Dabei gibt es in Mainz viele – und in den Augen der Betonisten sogar viele herausragende – Beispiele für Bauten, die nach dem Krieg entstanden sind. Dazu gehört an erster Stelle das Rathaus. Aber auch die Bonifaziustürme, die Pavillons auf der Ludwigsstraße, das Allianzhaus, das Einkaufszentrum am Brand oder die Zentralmensa auf dem Campus der Universität zählen dazu. „Dahinter stecken Visionen und Ideen“, sagt Katharina Seubert-Lange. Dass die generelle Einstellung gegenüber den Gebäuden der Nachkriegsmoderne eher negativ sei, habe auch mit dem Zustand dieser Gebäude zu tun. „Da wurde nichts daran gemacht“, bemängelt sie die fehlende Sanierung.
Engagement auch beim Thema Ludwigsstraße
Die Betonisten wollen die Schönheit zeigen, die in den steinernen Gebäuden stecken. Dazu beitragen, dass Passanten beim Vorbeigehen nicht mehr „hässlich“ denken. Eines der Instrumente der Gruppe, die sich Anfang 2018 im Zuge der Diskussion um die Rathaussanierung gegründet hatte, ist die Ästhetisierung. „Wir wollen die Gebäude in einem anderen Licht zeigen“, sagt Maximilian Kürten. In einem schöneren Licht. Dazu nutzen die Betonisten die Sozialen Netzwerke.
Auf ihrem Instagram-Account finden sich Bilder, die auf den ersten Blick nicht immer zuzuordnen sind. Da sind die fein säuberlich aufgereihten Arne-Jacobsen-Stühle, eine Treppe in der Alten Chemie auf dem Uni-Campus oder das Treppenhaus des Kettelerkollegs.
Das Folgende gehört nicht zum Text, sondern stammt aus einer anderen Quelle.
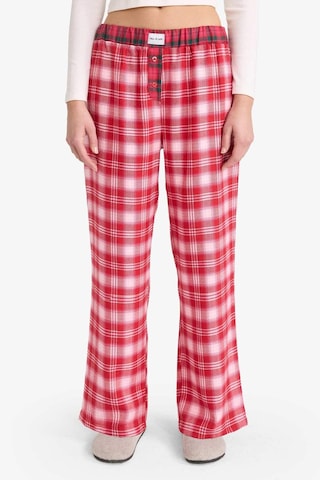 Defacto Regular Fit Flanel Kareli Pijama Altı-fall İn Love G1603ax25wnrd256 Kırmızı-rd256
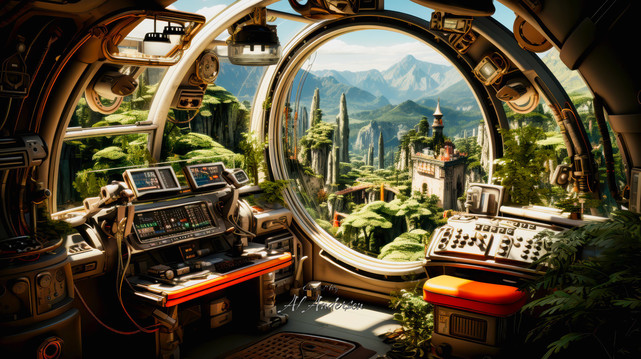 A high-tech workstation inside a futuristic research ship features advanced control panels and screens. A large, circular window reveals a lush, alien landscape with towering rock formations and dense forests. The scene blends cutting-edge technology with the natural beauty of an exoplanet.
„Wir suchen die blinden Flecken unserer Stadt“, schreiben die Betonisten auf ihrer Seite. Dazu zählen sie beispielsweise das Allianzhaus. „Auch bei Gebäuden, die nicht so im Fokus stehen, wollen wir zeigen, wie schön diese sein können“, sagt Jennifer Konrad. Das Allianzhaus sei ein Beispiel dafür, wie ein Gebäude mit guten gastronomischen Konzepten belebt werden könne, fügt Maximilian Kürten hinzu.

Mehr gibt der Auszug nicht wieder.